Purely on linguistic basis, some of the British writers and civil servants described Seraiki or Multani as Western Punjabi or Lehnda, which was refuted by some other British scholars and students of Punjabi language. C.F. Usborne, in 1905, wrote an article on Bulleh Shah referring to the Gazetter of Multan and said: “It is hardly true to say, as the writer of Multan Gazetter does, that the ballads (kafis) are written in Multani dialect of the Punjabi language. Undoubtedly they contain some forms of verbs which are peculiar to that dialect, but they could probably be understood by any peasant from Pindi to Delhi and from Delhi to Multan.” 

Another modern protagonist of Seraiki, Dr Shackle says that ‘many shared morphological details, as well as overall agreement in much of the vocabulary and syntax, link it (Seraiki) quiet closely to Punjabi with which it has a higher degree of mutual intelligibility.” And Tariq Rehman is of the opinion: “The linguistic fact seems to be that Seraiki and Punjabi are mutually intelligible.” 

Economic and political reasons must also be taken into account. Just recall General Ziaul Haq’s period when the political aim of the martial law regime was to divide the support of Mr Bhutto’s party in its strongholds. The Mohajir Qaumi Movement was supposed to divide Sindh on Urdu-speaking and Sindhi-speaking basis and on the same basis Punjab was to be divided on the basis of dialect. 

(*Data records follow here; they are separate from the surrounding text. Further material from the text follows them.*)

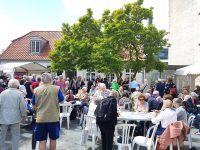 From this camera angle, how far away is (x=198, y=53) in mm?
29750

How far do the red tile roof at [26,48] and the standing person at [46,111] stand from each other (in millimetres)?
37043

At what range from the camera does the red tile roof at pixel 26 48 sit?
4411cm

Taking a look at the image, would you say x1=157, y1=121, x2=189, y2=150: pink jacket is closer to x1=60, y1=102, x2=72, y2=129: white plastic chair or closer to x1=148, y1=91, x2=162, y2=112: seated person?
x1=148, y1=91, x2=162, y2=112: seated person

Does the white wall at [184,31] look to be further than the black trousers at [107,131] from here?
Yes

His regime, without consulting linguistic experts, recognised Seraiki as an independent language in the 1980s which according to Husain Ahmad Khan (Rethinking Punjab) was a triumph for Seraiki political advocates and the intelligentsia. This was the period when the Seraiki Qaumi Movement (SQM) emerged. According to Tariq Rahman this was based on the successful model of MQM. The SQM had three centres Karachi, Khanpur, Katora and Ahmadpur Sharqia. 

Here, one may mention that many of the feudals of south Punjab who had embraced the PPP after its coming to power had by now crossed the floor and most of them participated in the 1985 non-party election boycotted by the PPP. Unfortunately Mr Bhutto, in the 1977 election, had given the control of Punjab to the so-called Seraiki lords like Nawab Muhammad Ahmad and Sadiq Qureshi plus Muhammad Hayat Taman of Attock. It was against the original aims of the party and jeopardised the original vote bank of the PPP in the province. 

The feudal realities have not changed and Dr Ayesha Siddiqa who hails from Bahawalpur, writes in her column, ‘Deadly social change’ (Dawn, May 1, 09): “This part of Punjab is prominent in terms of large landownership and feudal lifestyle. This is also an area where feudal institutions in terms of economic power merged with political and spiritual power. So many political families are not just significant due to their wealth and political power but because they are connected to the shrines as well. The gradual institutionalising of the power of the shrine has strengthened them rather than giving same breathing space to ordinary people some of whom are moving in the direction of rabid religious ideologies….The growing radicalisation in southern Punjab shown up in the inability of the state to carry out land reforms and shift the socioeconomic and political power structure from a pre-capitalist society to a capitalist one will have its consequences in the year to come.” 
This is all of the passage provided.